Dynamic Classifier-free Guidance Pt. 2

diffusion
classifier-free guidance
deep learning
Author

enzokro

Published

November 22, 2022

Experiments with normalizations for Classifier-free Guidance.

Introduction

This notebook is Part 2 in a series on dynamic Classifier-free Guidance.

Quick recap of Part 1

In Part 1, we generated a baseline image using the default, static Classifier-free Guidance.
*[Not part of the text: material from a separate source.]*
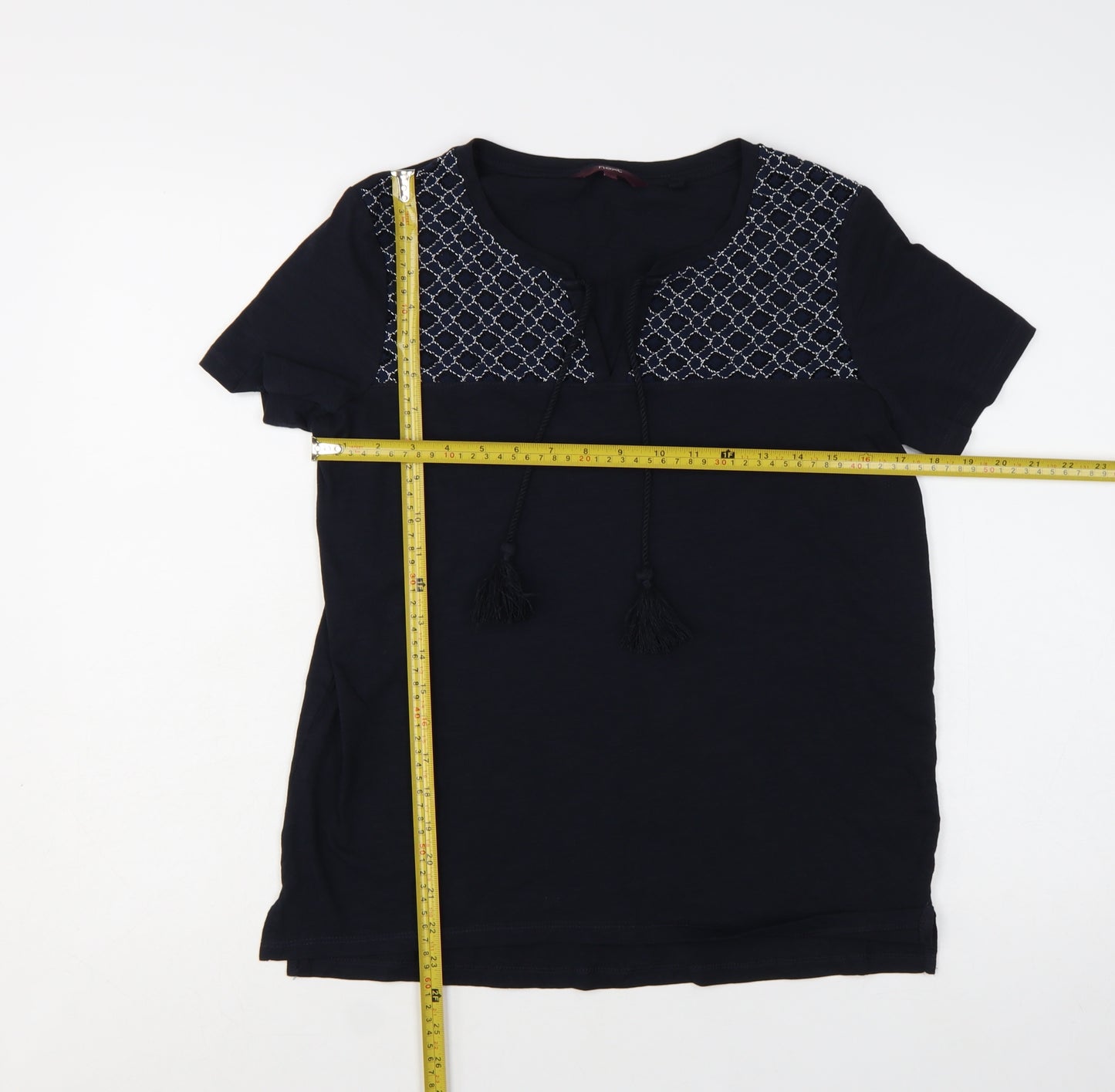 Next Women's Blue Embroidered Tunic T-Shirt Size 10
To see if we could improve on the baseline, we swept a range of Cosine Schedules on the guidance parameter \(G\).

To recap the results of the sweep, there are a few promising guidance schedules to explore:

  • Setting a higher guidance value.
  • Allowing the Cosine schedule to go through multiple cycles.
  • Warming up the guidance for a few steps.

Part 2: Bringing in Normalizations

In Part 2, we bring in normalizations as another kind of dynamic guidance.

The idea is that normalizing the guidance might improve the updates in the Diffusion model’s latent image space. To test this we explore three kinds of guidance normalizations:

  1. Normalizing the prediction by its overall norm.
  2. Normalizing the guidance update vector, \(\left(t - u\right)\), by its norm.
  3. Combining the Normalizations in 1. and 2.
Note

More details about the normalizations can be found in this section of the original post.

After these runs, we should have a good idea of both the schedules and normalizations that can improve Diffusion images. We will then combine the two approaches and explore other, more advanced schedules.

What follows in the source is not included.